Diagenetic controls on the reservoir quality of a Lower Carboniferous Tight Gas Sandstone: The Breagh Field.

Abstract

The Breagh Field is the first and presently the only field developed within the Lower Carboniferous clastic reservoir sequence in the UK SNS. Breagh is estimated to contain 909 bcf (P50) in tight (low permeability) sandstones with an expected recovery factor of 50%. The reservoir quality has been strongly influenced by diagenetic processes which significantly reduced porosity and permeability, and increased reservoir heterogeneity. This study integrates quantitative petrographic data, cathodoluminescence study, stable isotope analyses and 3D-XCT to investigate the impact of diagenesis and depositional facies variation on reservoir quality of the Breagh Sandstone by investigating the clay-poor sandstones within the reservoir.

Based on examination of core log and petrographic analyses, eleven facies associations were identified. The primary reservoirs are the stacked braided fluvial channel deposits although numerous thinner and finer-grained sandstone bodies exist within the delta front sands and abandoned channel facies. The connectivity of these thinner, secondary reservoirs will be critical for adding pay at Breagh and the other potential gas fields identified to the SSW, NE, and West of the Breagh Field.
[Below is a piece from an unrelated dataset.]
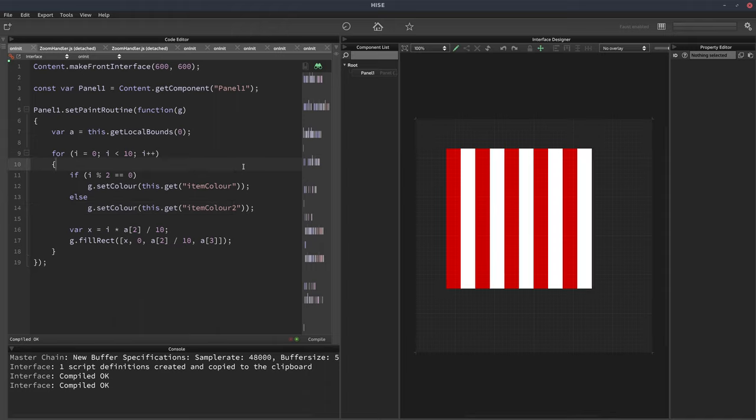So there we go. And this is for vertical stripes. But we could do the same thing with horizontal stripes.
The Breagh Sandstone consists of very fine- to coarse-grained, moderately well sorted to very well sorted, arenite to sublitharenite sands. The reservoir properties of the sandstone are relatively poor and with permeabilities between 0.1-100mD and porosities in the range of 9.5–19.6%. COPL and CEPL analysis show that mechanical compaction is the dominant process for the destruction of pore spaces, leading to a porosity reduction of 22.6% to 27.68% but, cementation still accounts for further reduction of porosity to the current range of 14.8% to 17.4%.

Features observed during early diagenesis include alteration of iron bearing silicates, clay coats, early carbonate cements, early quartz overgrowth, precipitation of sulphates and dissolution of feldspars. Mid-stage diagenetic events include dissolution of earlier formed sulphates, formation of kaolinite and illitization of mica. Late diagenetic features include late carbonate cementation, clay mineral cementation (illite and late-stage kaolinite), precipitation of further iron oxides, dissolution of illite and carbonate cements. Barite and anhydrite are minor late diagenetic cement phases.

Further investigation using SEM 2D images and 3D-XCT show that permeability is primarily controlled by the distribution of pore types, pore throat radius and pore connectivity. Whilst inter-grain pores (larger than 22μm) have the most potential for reservoir flow, the large number of smaller pore-throats do have negligible contribution to reservoir flow potential, albeit more significant for the reservoir storage capability.

The diagenetic control on the studied sandstone as well as the extracted pore network here will be a good input in predicting multi-phase flow properties of the studied reservoir and other potential gas fields. In particular, understanding the pore network and distribution of the thinner, secondary reservoirs will be critical for increasing producibility at the Breagh Field itself.